The government has received approval from the United States to set new commercial flight routes in U.S.-controlled airspace over Tokyo's Haneda airport in order to increase services ahead of the 2020 Olympics, government sources said Tuesday.

The U.S. has controlled huge areas of airspace over the capital and vicinity since the end of World War II. Tokyo will explore whether the latest move could eventually lead to Washington formally returning more of the airspace, the sources said.

The so-called Yokota Rapcon airspace is set in six different levels at altitudes between 2,450 and 7,000 meters, stretching over Tokyo and eight other prefectures. Yokota is the name of the air base in western Tokyo where the U.S. military in Japan has its headquarters.

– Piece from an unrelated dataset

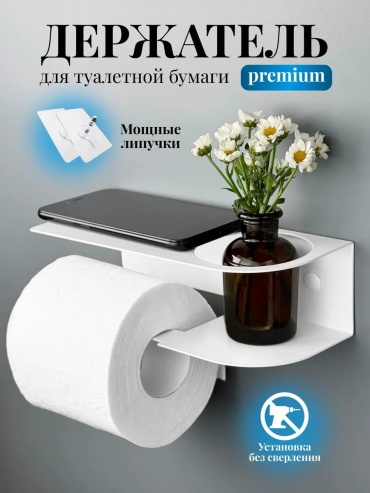 Набор аксессуаров 326215431 белый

Airspace restrictions have forced many commercial flights using Haneda to detour or fly higher, causing air traffic congestion.

The government plans to expand annual arrival and departure slots at Haneda by up to 39,000 in time for the 2020 Tokyo Games from the current 447,000. It has also drawn up four new routes, three of which can go through the U.S.-controlled airspace.

The new routes will boost the airport's landing and departing capacity as they would allow two airplanes to land simultaneously on two runways, the sources said.

The United States, in working-level negotiations, has already approved the use of the three routes to be set in its airspace, the sources said.

The airspace has been under U.S. military control since August 1945, when the U.S.-led Occupation took over the country's flight control operations. Parts of the airspace were returned in 1992 and 2008.

The Yokota radar approach control covers airspace above Tokyo, Tochigi, Gunma, Saitama, Kanagawa, Yamanashi, Niigata, Nagano and Shizuoka prefectures.